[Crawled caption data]
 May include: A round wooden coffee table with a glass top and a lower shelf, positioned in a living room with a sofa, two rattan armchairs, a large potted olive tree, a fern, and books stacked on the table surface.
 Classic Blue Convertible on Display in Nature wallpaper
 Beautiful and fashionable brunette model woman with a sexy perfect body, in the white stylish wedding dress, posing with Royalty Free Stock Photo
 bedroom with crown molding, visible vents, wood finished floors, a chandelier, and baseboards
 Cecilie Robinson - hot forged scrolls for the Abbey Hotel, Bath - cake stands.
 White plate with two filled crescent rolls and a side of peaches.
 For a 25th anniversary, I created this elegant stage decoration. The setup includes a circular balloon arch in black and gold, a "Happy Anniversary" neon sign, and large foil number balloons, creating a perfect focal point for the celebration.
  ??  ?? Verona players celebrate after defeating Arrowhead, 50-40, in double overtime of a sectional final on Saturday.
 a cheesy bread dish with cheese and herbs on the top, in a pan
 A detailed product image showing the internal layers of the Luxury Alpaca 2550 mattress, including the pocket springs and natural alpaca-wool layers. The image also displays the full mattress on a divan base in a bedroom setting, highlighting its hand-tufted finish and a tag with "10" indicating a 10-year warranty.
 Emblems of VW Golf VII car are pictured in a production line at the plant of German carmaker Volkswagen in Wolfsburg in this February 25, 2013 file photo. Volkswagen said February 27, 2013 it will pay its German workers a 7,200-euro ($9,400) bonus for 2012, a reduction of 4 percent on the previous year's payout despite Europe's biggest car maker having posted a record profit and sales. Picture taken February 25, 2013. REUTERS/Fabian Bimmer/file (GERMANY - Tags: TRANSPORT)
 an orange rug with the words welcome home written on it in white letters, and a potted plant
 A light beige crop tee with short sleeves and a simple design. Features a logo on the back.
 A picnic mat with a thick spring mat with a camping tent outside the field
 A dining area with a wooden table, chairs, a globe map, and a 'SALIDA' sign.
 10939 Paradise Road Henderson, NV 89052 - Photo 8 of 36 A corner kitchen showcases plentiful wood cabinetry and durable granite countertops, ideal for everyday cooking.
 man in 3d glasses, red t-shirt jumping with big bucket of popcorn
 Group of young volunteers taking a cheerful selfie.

ABOUT THIS TASK — Exactly as they stand above, repeat all the records.

TASK OUTPUT —
 May include: A round wooden coffee table with a glass top and a lower shelf, positioned in a living room with a sofa, two rattan armchairs, a large potted olive tree, a fern, and books stacked on the table surface.
 Classic Blue Convertible on Display in Nature wallpaper
 Beautiful and fashionable brunette model woman with a sexy perfect body, in the white stylish wedding dress, posing with Royalty Free Stock Photo
 bedroom with crown molding, visible vents, wood finished floors, a chandelier, and baseboards
 Cecilie Robinson - hot forged scrolls for the Abbey Hotel, Bath - cake stands.
 White plate with two filled crescent rolls and a side of peaches.
 For a 25th anniversary, I created this elegant stage decoration. The setup includes a circular balloon arch in black and gold, a "Happy Anniversary" neon sign, and large foil number balloons, creating a perfect focal point for the celebration.
  ??  ?? Verona players celebrate after defeating Arrowhead, 50-40, in double overtime of a sectional final on Saturday.
 a cheesy bread dish with cheese and herbs on the top, in a pan
 A detailed product image showing the internal layers of the Luxury Alpaca 2550 mattress, including the pocket springs and natural alpaca-wool layers. The image also displays the full mattress on a divan base in a bedroom setting, highlighting its hand-tufted finish and a tag with "10" indicating a 10-year warranty.
 Emblems of VW Golf VII car are pictured in a production line at the plant of German carmaker Volkswagen in Wolfsburg in this February 25, 2013 file photo. Volkswagen said February 27, 2013 it will pay its German workers a 7,200-euro ($9,400) bonus for 2012, a reduction of 4 percent on the previous year's payout despite Europe's biggest car maker having posted a record profit and sales. Picture taken February 25, 2013. REUTERS/Fabian Bimmer/file (GERMANY - Tags: TRANSPORT)
 an orange rug with the words welcome home written on it in white letters, and a potted plant
 A light beige crop tee with short sleeves and a simple design. Features a logo on the back.
 A picnic mat with a thick spring mat with a camping tent outside the field
 A dining area with a wooden table, chairs, a globe map, and a 'SALIDA' sign.
 10939 Paradise Road Henderson, NV 89052 - Photo 8 of 36 A corner kitchen showcases plentiful wood cabinetry and durable granite countertops, ideal for everyday cooking.
 man in 3d glasses, red t-shirt jumping with big bucket of popcorn
 Group of young volunteers taking a cheerful selfie.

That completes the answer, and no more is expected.